自己決定理論(SDT)が示す「働きがいの3要素」
働きがいを科学的に理解する上で最も有効な理論が、自己決定理論(Deci & Ryan, 1985)です。自己決定理論では、行動の動機づけレベルを以下の表のように整理しています。仕事における動機づけもこの理論で説明が可能であり、表の上のレベルほど自律的でありパフォーマンスや持続性が高くなります。

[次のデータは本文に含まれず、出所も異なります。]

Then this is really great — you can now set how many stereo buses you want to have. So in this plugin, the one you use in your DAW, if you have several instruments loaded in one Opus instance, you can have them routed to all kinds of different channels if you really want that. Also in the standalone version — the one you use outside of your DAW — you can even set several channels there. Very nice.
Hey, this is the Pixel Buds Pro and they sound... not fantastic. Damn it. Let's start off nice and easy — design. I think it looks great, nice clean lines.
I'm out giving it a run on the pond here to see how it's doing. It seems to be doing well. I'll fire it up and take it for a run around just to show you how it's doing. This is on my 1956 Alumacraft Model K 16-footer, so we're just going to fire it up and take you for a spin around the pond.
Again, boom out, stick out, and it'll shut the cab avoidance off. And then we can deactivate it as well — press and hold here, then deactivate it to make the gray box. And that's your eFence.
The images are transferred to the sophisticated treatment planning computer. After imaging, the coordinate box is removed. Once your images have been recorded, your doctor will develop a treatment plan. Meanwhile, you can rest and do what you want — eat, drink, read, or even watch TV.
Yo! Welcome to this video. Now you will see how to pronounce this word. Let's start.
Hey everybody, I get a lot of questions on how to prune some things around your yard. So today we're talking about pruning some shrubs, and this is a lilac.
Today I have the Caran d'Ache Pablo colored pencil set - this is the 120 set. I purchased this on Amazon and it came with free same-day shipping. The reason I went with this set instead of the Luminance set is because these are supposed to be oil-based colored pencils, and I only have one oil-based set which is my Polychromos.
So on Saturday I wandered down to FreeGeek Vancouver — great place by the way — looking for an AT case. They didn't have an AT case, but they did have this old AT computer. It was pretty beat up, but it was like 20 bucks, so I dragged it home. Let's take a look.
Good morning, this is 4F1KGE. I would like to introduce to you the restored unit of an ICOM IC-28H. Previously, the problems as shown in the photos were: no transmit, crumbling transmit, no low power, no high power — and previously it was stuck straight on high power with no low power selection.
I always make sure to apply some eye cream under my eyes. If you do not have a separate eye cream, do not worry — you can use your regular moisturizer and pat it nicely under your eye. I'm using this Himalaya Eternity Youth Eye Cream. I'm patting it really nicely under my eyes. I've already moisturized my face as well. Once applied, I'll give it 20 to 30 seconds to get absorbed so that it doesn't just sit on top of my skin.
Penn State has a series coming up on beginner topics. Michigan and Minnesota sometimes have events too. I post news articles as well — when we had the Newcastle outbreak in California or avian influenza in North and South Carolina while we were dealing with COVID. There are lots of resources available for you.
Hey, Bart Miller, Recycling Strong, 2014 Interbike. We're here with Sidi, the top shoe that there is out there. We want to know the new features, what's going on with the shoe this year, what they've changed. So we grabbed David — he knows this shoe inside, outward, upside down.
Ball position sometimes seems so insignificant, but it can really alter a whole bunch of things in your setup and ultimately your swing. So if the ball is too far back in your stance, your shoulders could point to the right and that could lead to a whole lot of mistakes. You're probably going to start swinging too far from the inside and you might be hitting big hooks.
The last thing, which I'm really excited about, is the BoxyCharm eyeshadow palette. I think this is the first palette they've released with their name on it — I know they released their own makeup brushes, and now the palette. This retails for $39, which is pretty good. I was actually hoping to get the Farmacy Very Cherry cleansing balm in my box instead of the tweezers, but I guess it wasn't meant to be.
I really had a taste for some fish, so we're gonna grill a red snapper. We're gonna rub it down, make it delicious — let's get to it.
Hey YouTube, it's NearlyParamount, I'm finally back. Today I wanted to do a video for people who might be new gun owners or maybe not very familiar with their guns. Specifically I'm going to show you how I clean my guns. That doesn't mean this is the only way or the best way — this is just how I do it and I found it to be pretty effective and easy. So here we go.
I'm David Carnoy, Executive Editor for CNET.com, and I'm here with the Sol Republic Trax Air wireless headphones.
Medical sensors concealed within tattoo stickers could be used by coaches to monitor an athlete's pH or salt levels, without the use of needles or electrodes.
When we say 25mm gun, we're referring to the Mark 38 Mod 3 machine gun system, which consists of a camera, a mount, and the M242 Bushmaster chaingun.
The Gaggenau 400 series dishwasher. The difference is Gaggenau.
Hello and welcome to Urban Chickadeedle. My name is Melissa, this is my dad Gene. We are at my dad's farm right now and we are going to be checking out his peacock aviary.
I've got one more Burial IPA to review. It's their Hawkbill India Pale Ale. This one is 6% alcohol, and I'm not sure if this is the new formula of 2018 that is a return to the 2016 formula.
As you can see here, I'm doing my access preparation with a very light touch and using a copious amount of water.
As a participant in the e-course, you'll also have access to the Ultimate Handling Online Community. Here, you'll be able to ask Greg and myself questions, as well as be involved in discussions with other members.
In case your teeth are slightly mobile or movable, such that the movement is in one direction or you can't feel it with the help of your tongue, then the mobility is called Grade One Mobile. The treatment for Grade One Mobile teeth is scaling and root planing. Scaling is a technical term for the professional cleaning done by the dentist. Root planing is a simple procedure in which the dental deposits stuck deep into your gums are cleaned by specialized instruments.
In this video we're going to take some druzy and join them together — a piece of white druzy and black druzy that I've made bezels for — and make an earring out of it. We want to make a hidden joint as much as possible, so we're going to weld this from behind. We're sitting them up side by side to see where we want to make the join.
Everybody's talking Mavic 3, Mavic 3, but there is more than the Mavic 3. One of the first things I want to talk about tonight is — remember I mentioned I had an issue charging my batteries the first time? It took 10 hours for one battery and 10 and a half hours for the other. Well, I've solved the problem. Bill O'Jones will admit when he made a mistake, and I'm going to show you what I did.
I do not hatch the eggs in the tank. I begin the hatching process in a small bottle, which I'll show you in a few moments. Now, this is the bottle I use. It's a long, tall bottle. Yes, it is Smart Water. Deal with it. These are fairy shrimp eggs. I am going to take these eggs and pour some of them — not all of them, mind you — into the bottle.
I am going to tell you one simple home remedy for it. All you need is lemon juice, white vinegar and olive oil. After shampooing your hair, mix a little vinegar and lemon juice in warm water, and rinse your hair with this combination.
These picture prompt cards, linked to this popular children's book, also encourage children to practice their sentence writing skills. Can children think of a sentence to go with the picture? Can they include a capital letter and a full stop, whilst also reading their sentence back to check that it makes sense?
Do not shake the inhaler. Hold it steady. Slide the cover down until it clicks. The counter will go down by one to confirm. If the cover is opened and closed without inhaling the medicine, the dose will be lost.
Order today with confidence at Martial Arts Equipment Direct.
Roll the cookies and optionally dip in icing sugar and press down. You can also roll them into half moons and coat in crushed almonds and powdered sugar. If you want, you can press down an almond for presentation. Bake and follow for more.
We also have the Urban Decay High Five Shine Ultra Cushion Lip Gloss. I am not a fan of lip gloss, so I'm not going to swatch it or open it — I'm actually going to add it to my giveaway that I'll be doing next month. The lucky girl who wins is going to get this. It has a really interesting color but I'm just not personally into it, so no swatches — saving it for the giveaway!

一方で表の下のレベルほどパフォーマンスや持続性は低くなります。

自己決定理論では、以下の3つの基本的心理欲求が満たされることが、動機づけを自律的にする鍵であるとされます。
動機づけを高める3要素
自律性(Autonomy) :自分で選択して行動している感覚
有能感(Competence) :自分の能力が認められ、成長を実感できること
関係性(Relatedness) :周囲とのつながりや承認を感じられること
これら3つは「人が自ら意欲的に行動するための最低条件」であり、この3つが満たされるほど、パフォーマンス、創造性、幸福感が向上するという研究結果は世界中で示されています。
一方で、現代の企業では、次のような構造的欠落が生じがちです。
・裁量は与えるが責任が重すぎる → 自律性が逆に低下
・仕事が細分化され成果を実感しにくい → 有能感が得られない
・テレワークで関係構築機会が減る → 関係性が希薄化
これらが満たされなければ、どれだけ制度が整っていても働きがいは生まれません。
ワーク・エンゲイジメント:働きがいを可視化する科学的モデル
働きがいを定量化し、職場の活力を測定する上で注目されている概念が ワーク・エンゲイジメント(Work Engagement)です。ワーク・エンゲイジメントは次の3つの要素から構成します。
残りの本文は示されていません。